Viens, redescends chez moi, viens, replonge en la fange,
Chrysalide éphémère, ombre, velléité !
Viens plus tôt que plus tard, sans oubli je vendange
Un à un les raisins du cep Humanité.
Avant que le pilon pesant de la souffrance
T’ait trituré le cœur, souffle sur ton flambeau,
Notre-Dame de Liesse et de la Délivrance,
C’est la mort ! Chanaan promis, c’est le tombeau !
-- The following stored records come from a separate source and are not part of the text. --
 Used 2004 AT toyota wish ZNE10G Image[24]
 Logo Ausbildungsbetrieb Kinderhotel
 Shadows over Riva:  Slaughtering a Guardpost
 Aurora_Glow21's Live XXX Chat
Qu’attends-tu ? — Que veux-tu ?… Ne crois pas au langage
Du cloître suborneur, non, plutôt, crois au mien ;
Tu ne sais pas, enfant, combien le cloître engage !
Il promet le repos : ce n’est qu’un bohémien
Qui ment, qui vous engeôle, et vous met dans sa nasse !
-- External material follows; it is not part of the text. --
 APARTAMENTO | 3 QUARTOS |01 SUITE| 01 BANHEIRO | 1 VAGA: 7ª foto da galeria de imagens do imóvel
L’homme y demeure en proie à ses obsessions.
Sous le vent du désert il n’est pas de bonace ;
Il attise à loisir le feu des passions.
Au cloître, écoute-moi, tu n’es pas plus idoine
Qu’au monde ; crains ses airs de repos mensongers,
Crains les satyriasis affreux de Saint-Antoine ;
Crains les tentations, les remords, les dangers,
Les assauts de la chair et les chutes de l’âme.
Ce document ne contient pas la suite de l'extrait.